Exercise details — Within the entries below, please return exactly the lines from the one with "But with an" through the one with "Q is for queen, q-q-queen.", leaving out any pictures.

Extracted records —
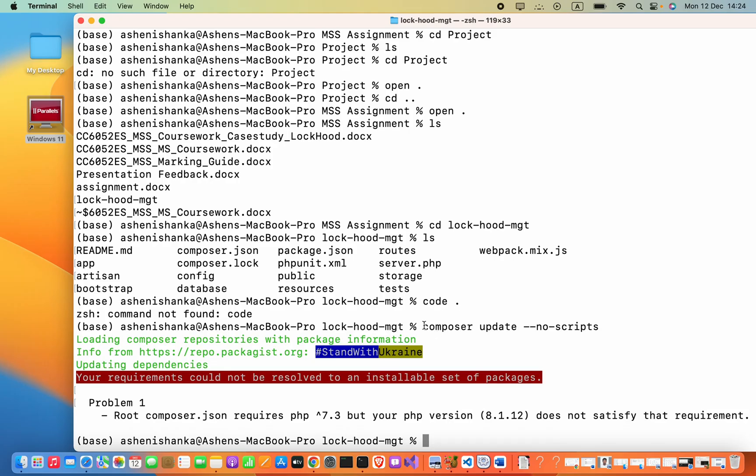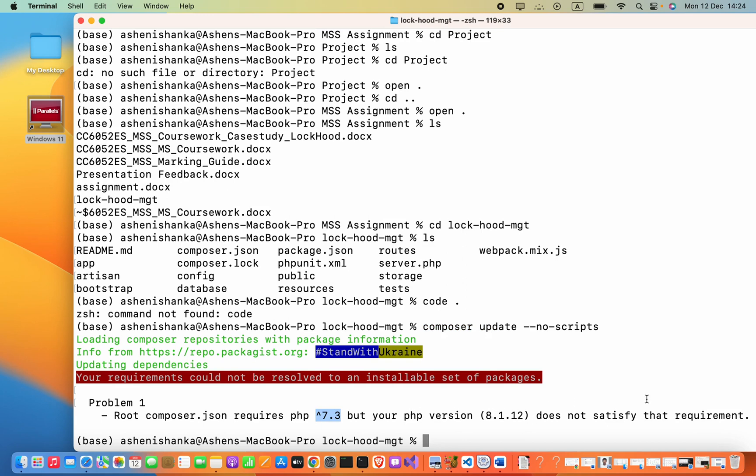Hello everyone. When I'm trying to do composer update --no-scripts, it will show this error: root composer.json requires PHP 7.3 but your PHP version is 8.1 does not satisfy that requirement.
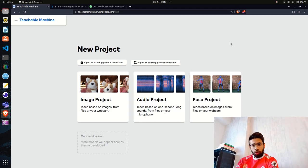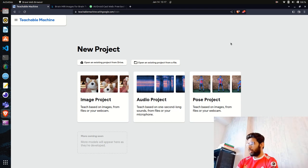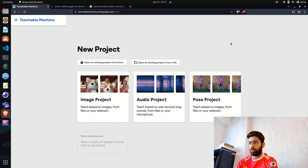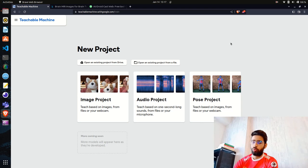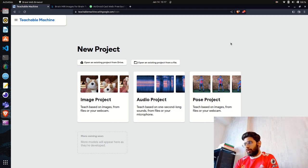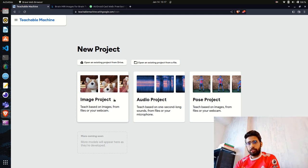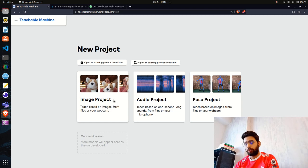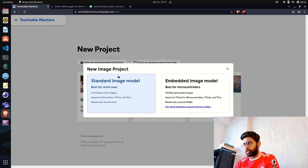Google also has a library called MediaPipe which became very famous for pose classification and has many other features. Teachable Machine works very well for image projects where you can upload your images or create your own dataset directly from the webcam. Click on 'Image Project' and you'll have two different categories.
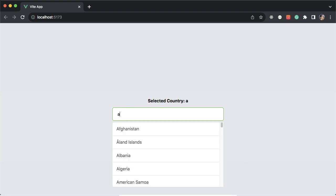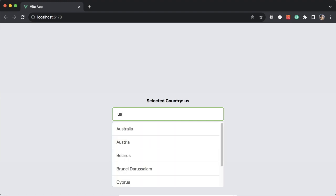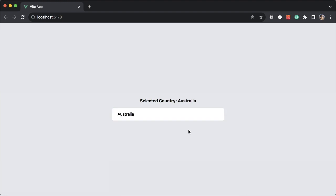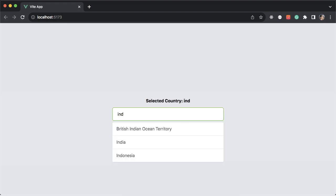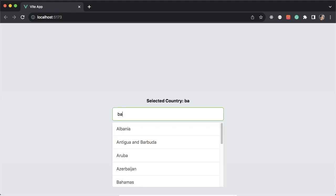But with an autocomplete component, the user gets a list of helpful suggestions as they type. It can save time, enhance user experience, and make your website feel more polished and user-friendly.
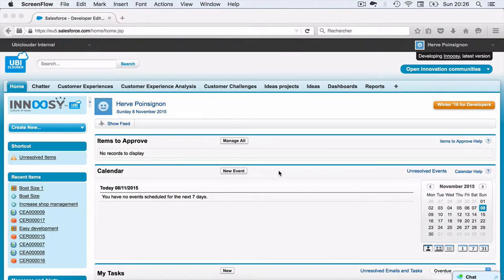Hello, my name is Hervé Poinsignon. I'd like to present you a process for innovation called Inuzi. It's built on force.com, the Salesforce technical platform.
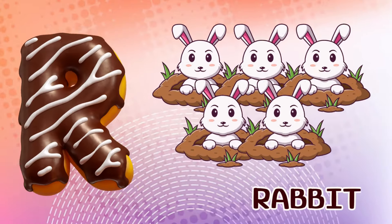Q is for queen, q-q-queen. R is for rabbit, r-r-rabbit. S is for sun, s-s-sun. T is for toad, t-t-toad.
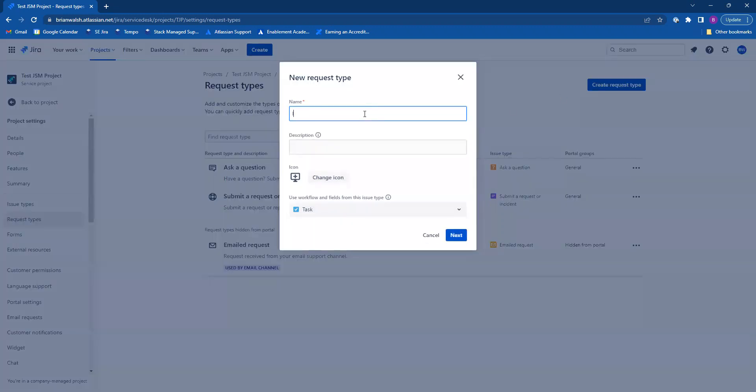I'm going to call mine incident. The description is optional. You may change the icon if you would like.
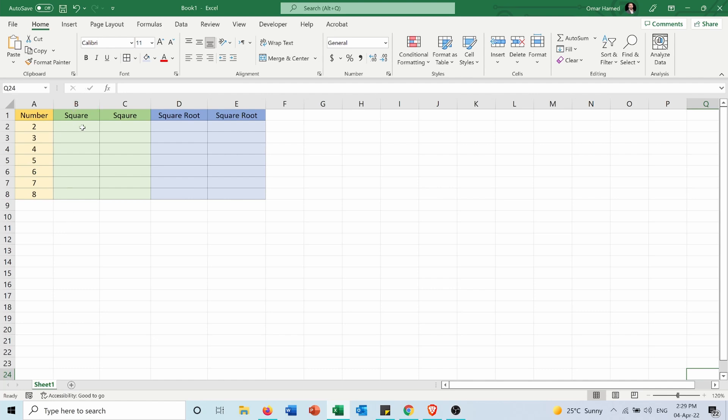I will show you how you can get the square in two different methods, and the square root also in two different methods. So first, let's start with the square.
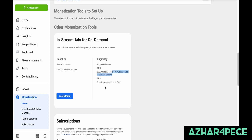You need 10,000 followers and 600,000 watch minutes viewed in 60 days, plus five active videos. So I suggest: just open a page and post everything on the page, have your friends and family like that page. Your Facebook account is not going to get monetized unless it's a page. If your page has 10,000 followers and 600,000 minutes, it will get done eventually — maybe after three or four years — instead of giving up.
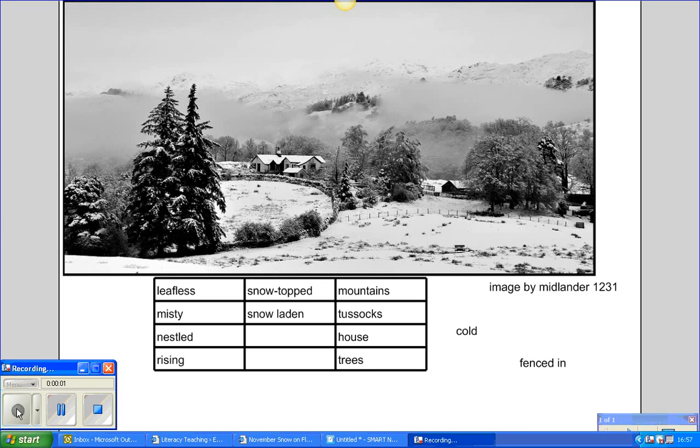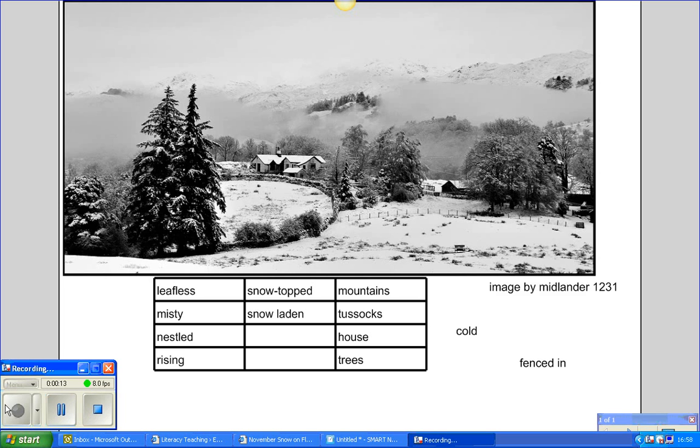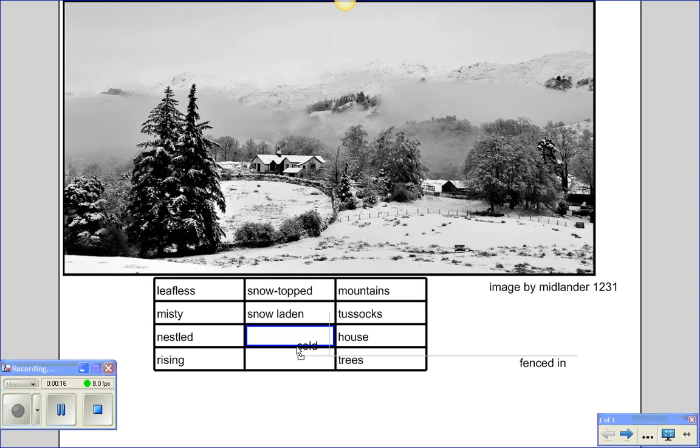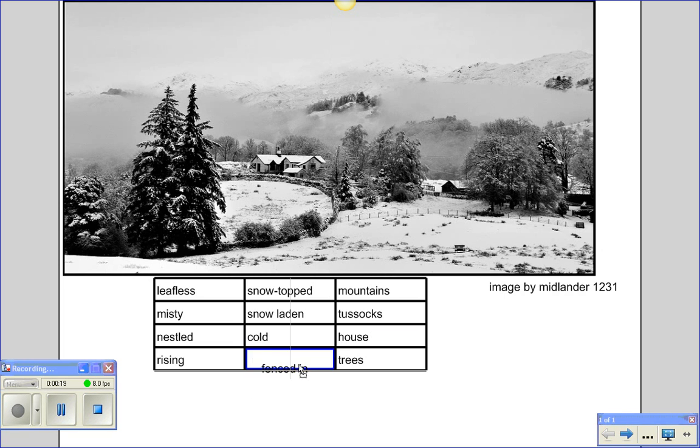I've taken this picture from Flickr - the image was by Midlander1231 - and put it into my notebook. All we've done is generated words which describe what we can see in the image: leafless, misty, nestled, cold, fenced in. We've put them in three columns,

Final answer —
But with an autocomplete component, the user gets a list of helpful suggestions as they type. It can save time, enhance user experience, and make your website feel more polished and user-friendly.
Hello, my name is Hervé Poinsignon. I'd like to present you a process for innovation called Inuzi. It's built on force.com, the Salesforce technical platform.
Q is for queen, q-q-queen. R is for rabbit, r-r-rabbit. S is for sun, s-s-sun. T is for toad, t-t-toad.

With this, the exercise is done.